'''
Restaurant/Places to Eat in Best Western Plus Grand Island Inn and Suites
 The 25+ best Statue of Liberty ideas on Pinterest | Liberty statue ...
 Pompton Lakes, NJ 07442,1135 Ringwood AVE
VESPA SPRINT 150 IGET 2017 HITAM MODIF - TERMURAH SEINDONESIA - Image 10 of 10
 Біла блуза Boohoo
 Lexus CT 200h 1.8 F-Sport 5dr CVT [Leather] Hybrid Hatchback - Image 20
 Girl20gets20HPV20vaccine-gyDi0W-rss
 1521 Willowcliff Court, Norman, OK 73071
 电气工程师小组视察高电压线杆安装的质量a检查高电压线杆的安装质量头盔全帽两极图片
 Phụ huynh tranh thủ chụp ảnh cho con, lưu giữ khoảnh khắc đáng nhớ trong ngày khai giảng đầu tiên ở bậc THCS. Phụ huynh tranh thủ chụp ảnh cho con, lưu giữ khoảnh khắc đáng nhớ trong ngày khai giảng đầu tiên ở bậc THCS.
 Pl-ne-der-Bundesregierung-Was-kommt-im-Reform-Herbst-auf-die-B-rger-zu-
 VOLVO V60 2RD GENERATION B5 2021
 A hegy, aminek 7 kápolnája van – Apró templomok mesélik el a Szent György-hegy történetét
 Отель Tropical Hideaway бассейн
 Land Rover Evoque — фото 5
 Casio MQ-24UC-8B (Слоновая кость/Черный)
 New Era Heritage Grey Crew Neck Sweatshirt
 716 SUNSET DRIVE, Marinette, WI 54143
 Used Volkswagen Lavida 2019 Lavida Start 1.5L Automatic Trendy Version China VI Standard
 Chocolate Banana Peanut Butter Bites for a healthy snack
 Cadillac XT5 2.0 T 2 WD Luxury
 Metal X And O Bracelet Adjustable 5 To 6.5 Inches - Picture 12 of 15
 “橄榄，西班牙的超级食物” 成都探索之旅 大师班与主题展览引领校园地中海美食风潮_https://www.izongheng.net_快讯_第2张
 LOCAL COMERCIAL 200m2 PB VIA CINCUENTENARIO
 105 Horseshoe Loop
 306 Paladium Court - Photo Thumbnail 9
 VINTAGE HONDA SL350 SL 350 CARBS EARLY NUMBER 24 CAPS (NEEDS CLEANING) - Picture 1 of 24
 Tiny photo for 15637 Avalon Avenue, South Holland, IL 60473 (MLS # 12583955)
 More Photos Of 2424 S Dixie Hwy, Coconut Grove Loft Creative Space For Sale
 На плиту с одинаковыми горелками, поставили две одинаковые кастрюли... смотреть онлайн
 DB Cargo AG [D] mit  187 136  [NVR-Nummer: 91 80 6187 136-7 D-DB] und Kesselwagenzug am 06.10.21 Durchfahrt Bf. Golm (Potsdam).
'''
=== Instructions for the task ===
Wherever a line contains the string "Image", copy that line from the data.

=== Answer to the problem ===
VESPA SPRINT 150 IGET 2017 HITAM MODIF - TERMURAH SEINDONESIA - Image 10 of 10
 Lexus CT 200h 1.8 F-Sport 5dr CVT [Leather] Hybrid Hatchback - Image 20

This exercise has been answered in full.